What you will do: The entries are to be duplicated exactly, though any picture in them must be omitted.

#### Record set

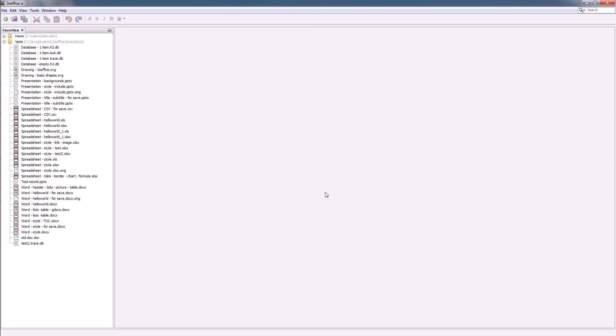Hi, welcome to a short presentation of Jophis. Jophis is an open source office suite released under the Apache license.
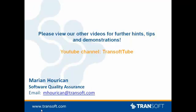So thank you very much. Please view our other videos for further hints, tips, and demonstrations. We have a YouTube channel, which is TranSoft Tube. And if you have any further questions, please don't hesitate to email me: mharrickon at transoft.com. Thank you very much.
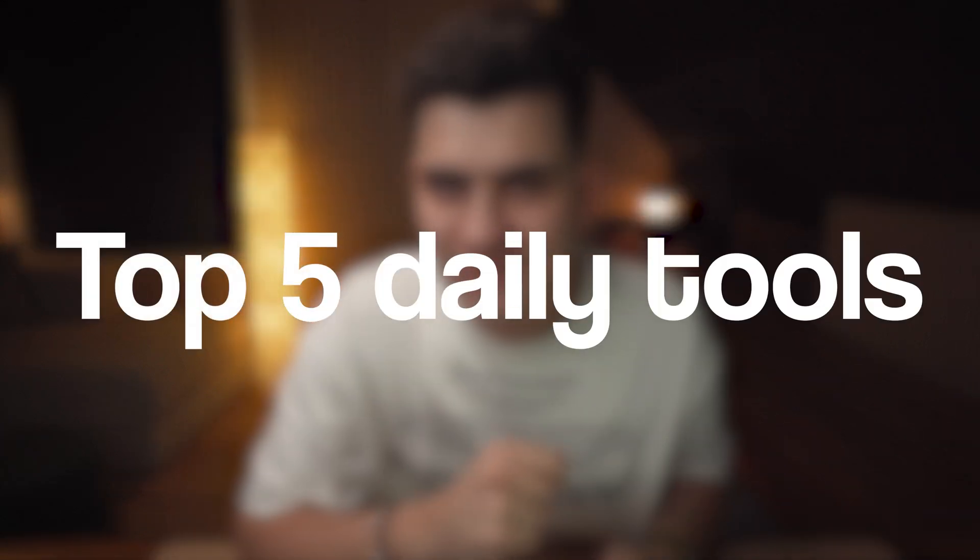If you want to be a great developer, mastering tools that streamline your workflow, boost your productivity and save you time is essential. As we start the new year, here are my top five daily tools that I use for working smarter and faster.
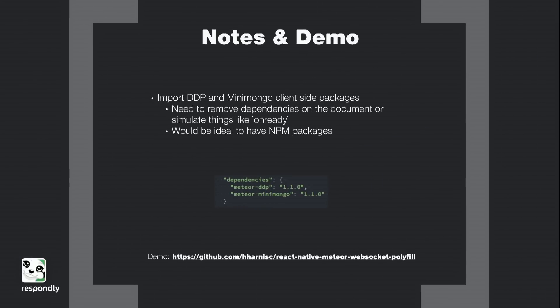So some things that I think need, for a complete experience, need to be done. It would be great to be able to use the Meteor DDP in Meteor's mini-mongo packages. And I think it's pretty close to being able to make this happen. The things that we're missing is just a few dependencies on the document. And from what I can tell, most of those things are things like OnReady, or stubbing those things out inside of React Native. And it would be ideal to have these things as NPM packages because React Native allows you to import these things using NPM.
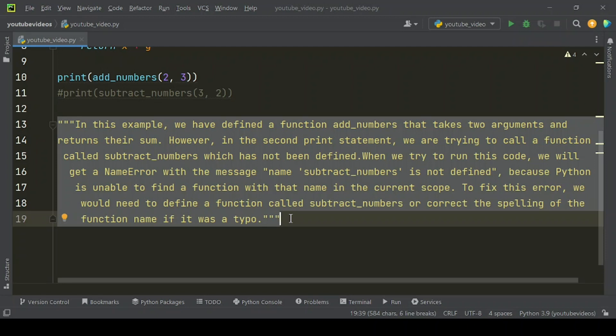When we try to run this code, we will get a NameError with the message name subtract_numbers is not defined, because Python is unable to find a function with that name in the current scope.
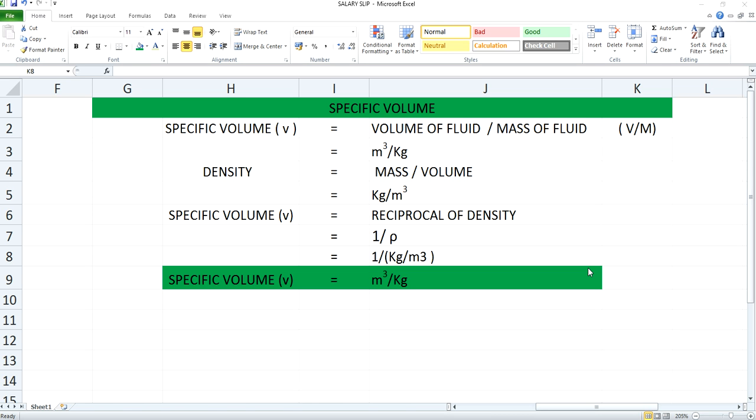We all know density is the ratio of mass per unit volume and it has unit of kg per meter cube. You can say specific volume may be the reciprocal of density.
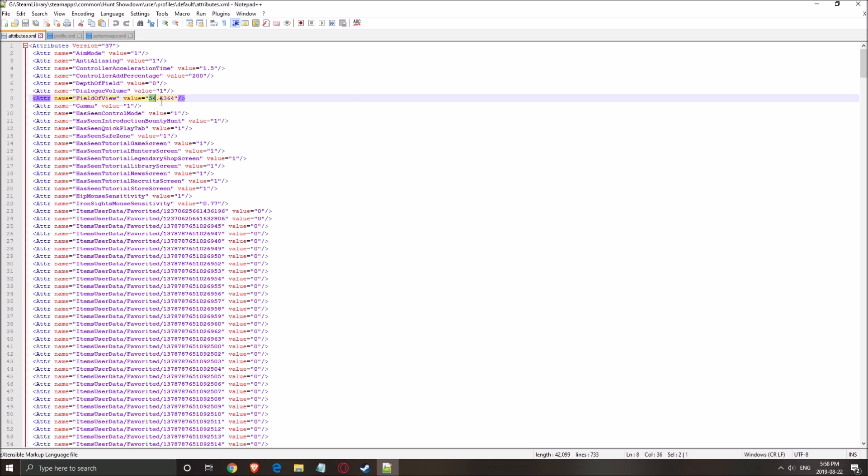You can find the field of view here. A lot of people don't like the field of view in this game, so you can put a higher field of view. So that's about it, guys.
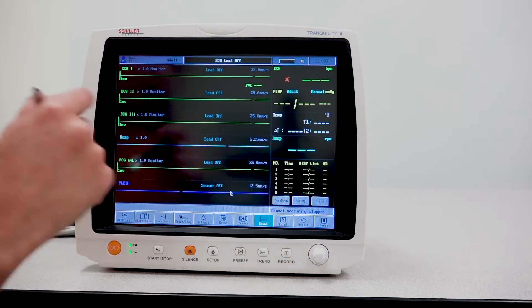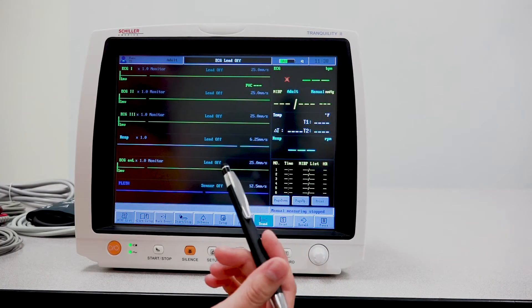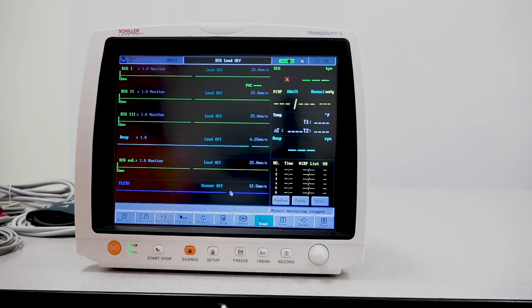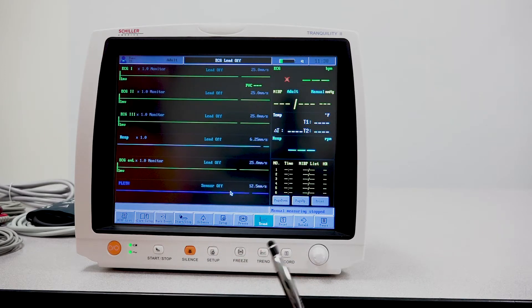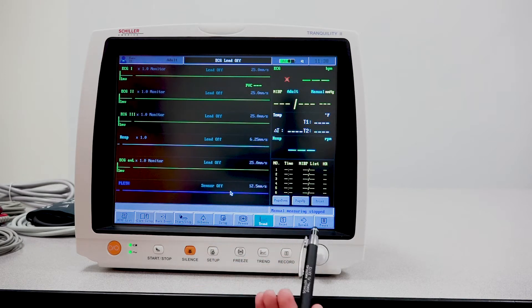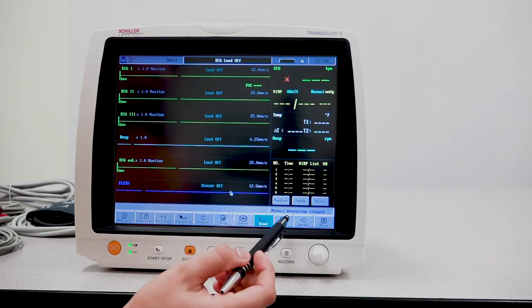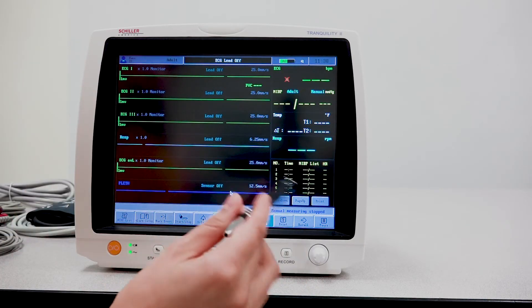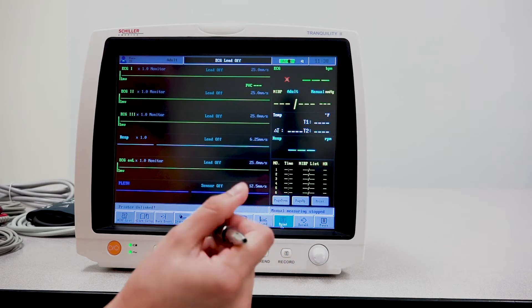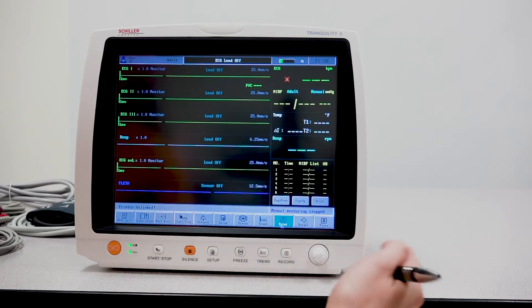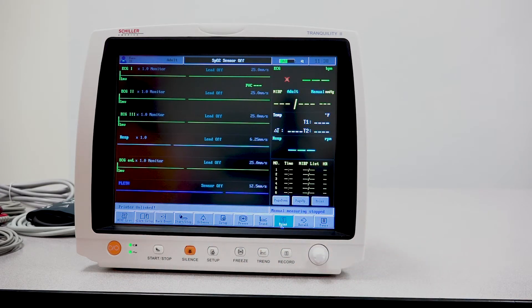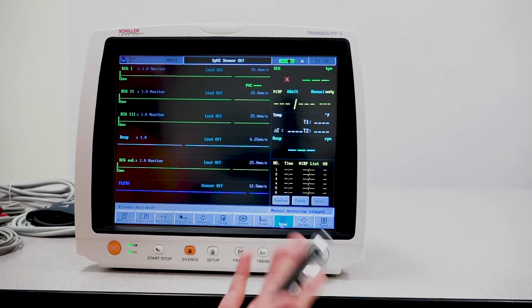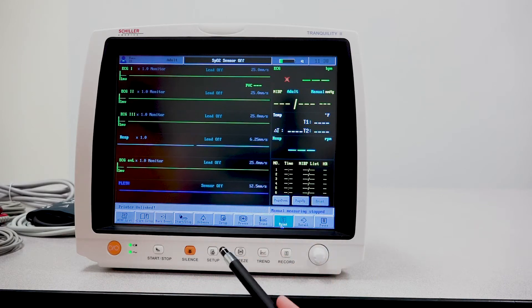As I mentioned earlier, this unit does have the ability to have an internal thermal printer. If you did have that option, you can easily press print. Once you want to print your report, you'll press print and eventually your report will print out. This unit doesn't have it, so we won't see anything.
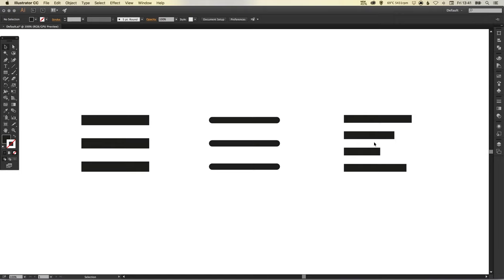Even though it doesn't actually look like a hamburger, in fact none of these really look like hamburgers. It's an utterly ridiculous name but that is what it's sometimes referred to as the hamburger menu. And there we go, we've drawn a few variations in Illustrator.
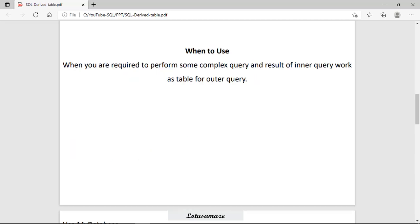Why do we need the derived table? Suppose we have a very complex query, and rather than writing the complex query, we can divide that complex query into small logical steps and return the result of those logical steps as a table to the outer query. In that case, we can use the derived table.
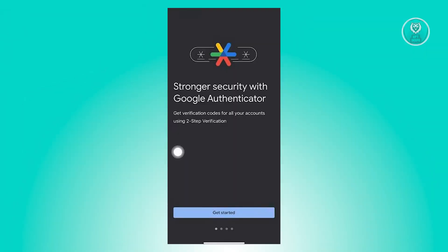So the first thing you need to do is download the Authenticator app. Go ahead and visit your Google Play Store or the App Store and search for Google Authenticator. Go ahead and install that. And once installed, open it up and you should be able to see the first screen that you're seeing right now.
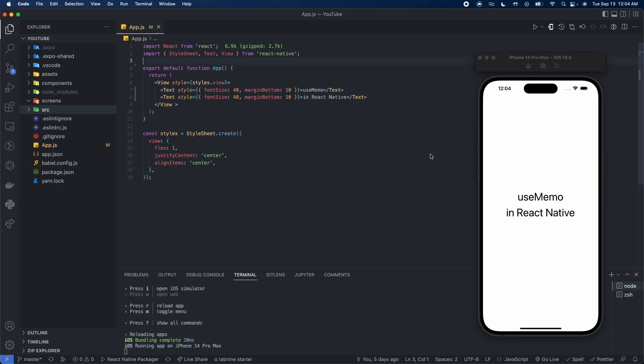Today we're going to be talking about the useMemo hook, what it is, and how to use it. Starting off with what it is, the useMemo hook is a built-in hook that accepts two arguments: a function that computes a result, and the dependency array.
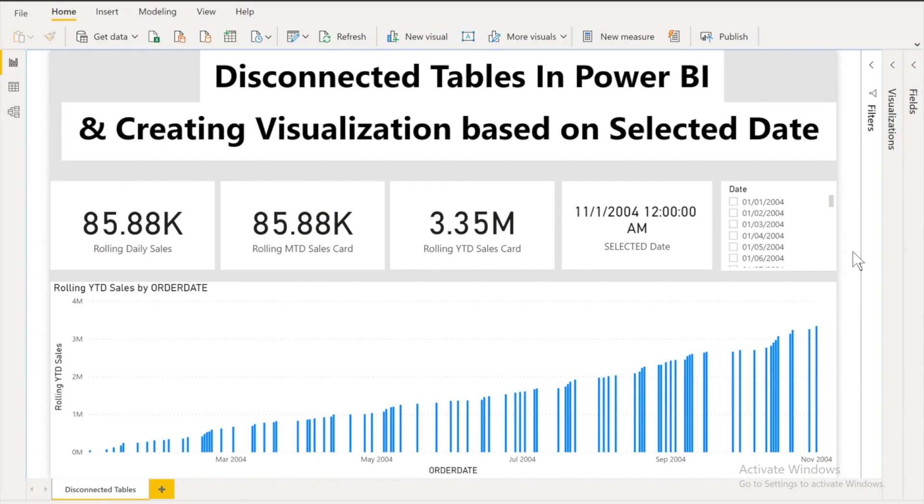In one of the question I encountered a problem where I have to select a date from the date slicer and according to that three KPIs should display the value. Three different KPIs should display the daily sales, MTD sales as well as YTD sales.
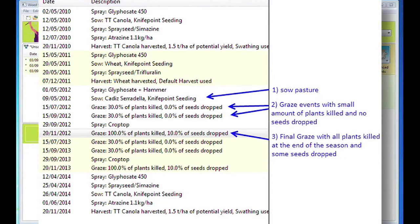You will need to add a few grazing events during the year. For the first few grazing events, simulate the grazing by reducing the number of plants and having no seed drop. For the final grazing event of the year, simulate the end of the season by having all the plants die or be killed and a few seeds dropped, depending on the intensity of the grazing.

########

Exercise output:
Hi, welcome to a short presentation of Jophis. Jophis is an open source office suite released under the Apache license.
So thank you very much. Please view our other videos for further hints, tips, and demonstrations. We have a YouTube channel, which is TranSoft Tube. And if you have any further questions, please don't hesitate to email me: mharrickon at transoft.com. Thank you very much.
If you want to be a great developer, mastering tools that streamline your workflow, boost your productivity and save you time is essential. As we start the new year, here are my top five daily tools that I use for working smarter and faster.
So some things that I think need, for a complete experience, need to be done. It would be great to be able to use the Meteor DDP in Meteor's mini-mongo packages. And I think it's pretty close to being able to make this happen. The things that we're missing is just a few dependencies on the document. And from what I can tell, most of those things are things like OnReady, or stubbing those things out inside of React Native. And it would be ideal to have these things as NPM packages because React Native allows you to import these things using NPM.
When we try to run this code, we will get a NameError with the message name subtract_numbers is not defined, because Python is unable to find a function with that name in the current scope.
We all know density is the ratio of mass per unit volume and it has unit of kg per meter cube. You can say specific volume may be the reciprocal of density.
You can find the field of view here. A lot of people don't like the field of view in this game, so you can put a higher field of view. So that's about it, guys.
As I mentioned earlier, this unit does have the ability to have an internal thermal printer. If you did have that option, you can easily press print. Once you want to print your report, you'll press print and eventually your report will print out. This unit doesn't have it, so we won't see anything.
Even though it doesn't actually look like a hamburger, in fact none of these really look like hamburgers. It's an utterly ridiculous name but that is what it's sometimes referred to as the hamburger menu. And there we go, we've drawn a few variations in Illustrator.
Why do we need the derived table? Suppose we have a very complex query, and rather than writing the complex query, we can divide that complex query into small logical steps and return the result of those logical steps as a table to the outer query. In that case, we can use the derived table.
So the first thing you need to do is download the Authenticator app. Go ahead and visit your Google Play Store or the App Store and search for Google Authenticator. Go ahead and install that. And once installed, open it up and you should be able to see the first screen that you're seeing right now.
Today we're going to be talking about the useMemo hook, what it is, and how to use it. Starting off with what it is, the useMemo hook is a built-in hook that accepts two arguments: a function that computes a result, and the dependency array.
In one of the question I encountered a problem where I have to select a date from the date slicer and according to that three KPIs should display the value. Three different KPIs should display the daily sales, MTD sales as well as YTD sales.
You will need to add a few grazing events during the year. For the first few grazing events, simulate the grazing by reducing the number of plants and having no seed drop. For the final grazing event of the year, simulate the end of the season by having all the plants die or be killed and a few seeds dropped, depending on the intensity of the grazing.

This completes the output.